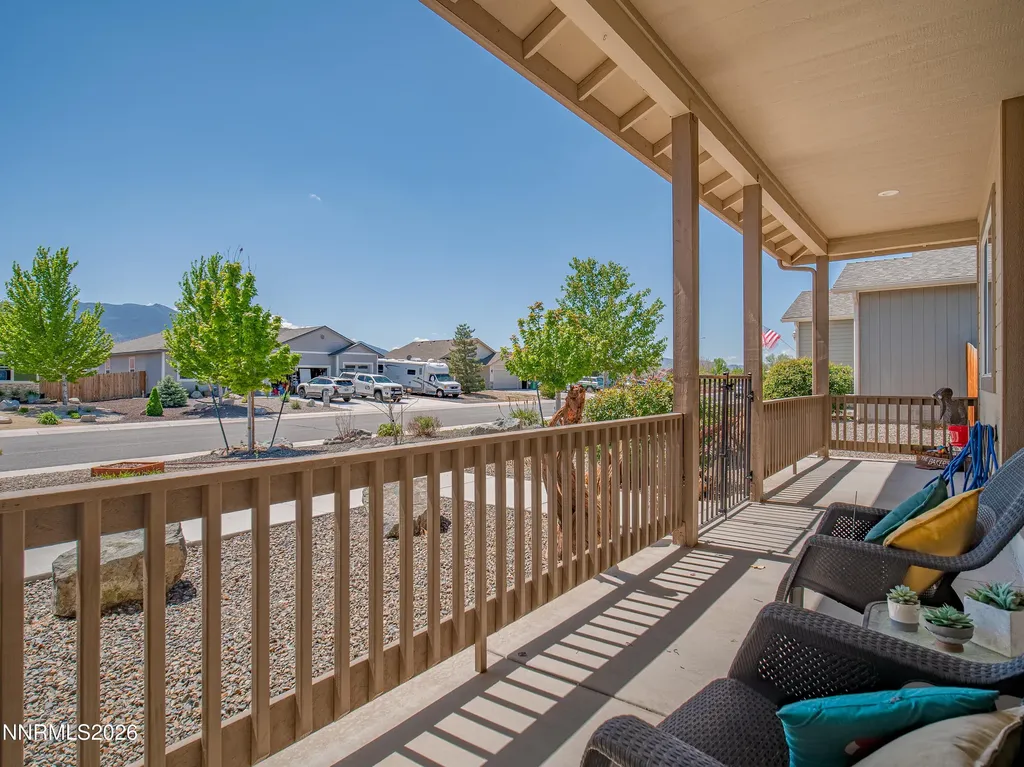 1146 Cheatgrass Dayton NV 89403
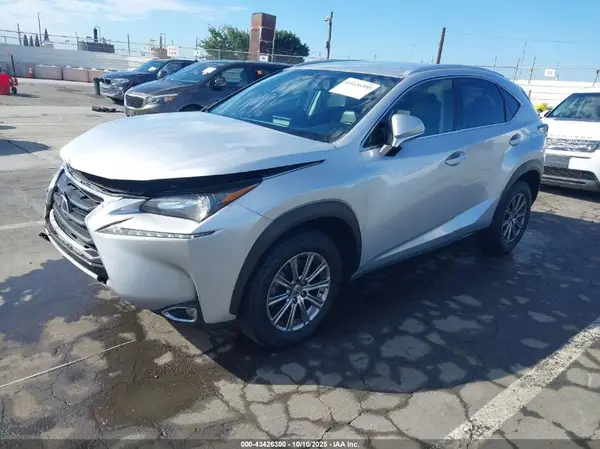JTJYARBZ3H2076809 2017 LEXUS NX - Image 2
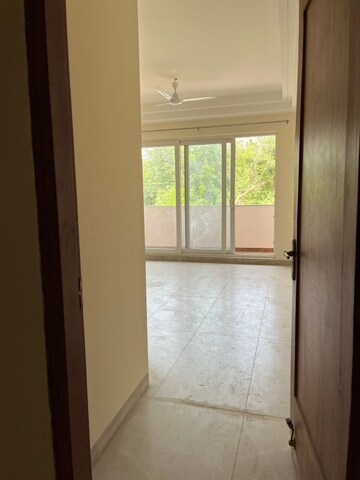 Room in 3 BHK Builder Floor at Sector 63 – for Sale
=====
= WHAT TO DO =
Print each line of the material above exactly, with the pictures removed from your copy.

= TASK SOLUTION =
 1146 Cheatgrass Dayton NV 89403
JTJYARBZ3H2076809 2017 LEXUS NX - Image 2
 Room in 3 BHK Builder Floor at Sector 63 – for Sale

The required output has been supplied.